Montana State announced Fish as its coach on Tuesday. Athletic director Peter Fields said Fish rose to the top of a pool of more than 120 applicants. Fields and his search committee vetted the field down to 10, and Fish, Fields said, was the obvious choice.
“I (talked) with a lot of people across the country and there were several themes that came forward with Brian: Integrity, loyalty, work ethic, basketball knowledge,” Fields said. “They all were saying that. And these aren’t the people necessarily on his reference list.”
Fish comes to the Bobcats from Oregon, where he served the past four seasons as an assistant under coach Dana Altman. He helped the Ducks reach the second round of the NCAA tournament this season.
In all, Fish spent 13 seasons under Altman in stints at Oregon, Creighton and Marshall. This will be Fish’s first head coaching stint.
Fish replaces Brad Huse, who stepped down on March 18 after eight years as coach. The Bobcats went 107-134 overall (.443) and 64-72 in conference games (.470) under Huse, including a 14-17 record in the 2013-14 season with a 9-11 mark in the league.
The Bobcats had just one winning season under Huse.
“We’re going to work hard, we’re going to play the game the right way,” Fish said. “What’s the right way? The right way is diving on loose balls, taking charges, blocking out, getting after it. People want to know what type of style we’re going to play here? We’re going to play the style it takes to win a basketball game.
“The great thing about it is your team evolves each year. Ideally I’d like to play up-tempo. We played up-tempo this year at Oregon and we were 11th in the country in scoring, but we did it with only 12 turnovers a game. I want to play that way, but we’re going to play the way it takes to win basketball games.”
Fish said he will consider keeping current MSU assistants on board, but said he is in no hurry to fill his staff.
“I want (the team) to get to know me, I want them to see that I’m bought in,” Fish said. “There’s no rush. It’s about the right fit and what helps these young men reach what we’re trying to do.”
One of Fish’s biggest goals, he said, is to win back support from both the students and the community.

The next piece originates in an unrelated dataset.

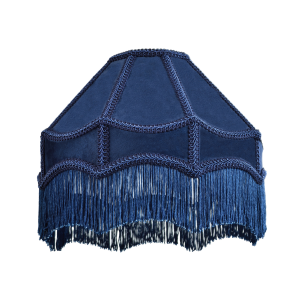 Traditional Victorian Empire Lampshade in Midnight Blue Velvet with Tassels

Toward the end of this season, MSU’s attendance had fallen below 2,000 for some home games.
“Give us a chance for our program to reinvent itself, to get back going,” Fish said. “I want this state to be a Blue and Gold state. But it starts on campus, spreads out to Bozeman and goes from there.
“Walking in the arena and looking around, if we get that thing full and get it rocking, teams are going to have a hard time winning here. And that’s what we’re going to do.”
Fish, a Seymour, Ind., native, is the 22nd coach in program history. Seven programs that Fish has been associated with as either a player or coach have reached the NCAA tournament. The Bobcats have not played in the NCAA tournament since 1996.
Fish also spent time as an associate head coach under Billings native Brad Holland at San Diego, and also was an assistant on Billy Tubbs’ staff at TCU.
“I couldn’t be happier to be your coach,” Fish said. “But more importantly I couldn’t be happier to be a part of your family.”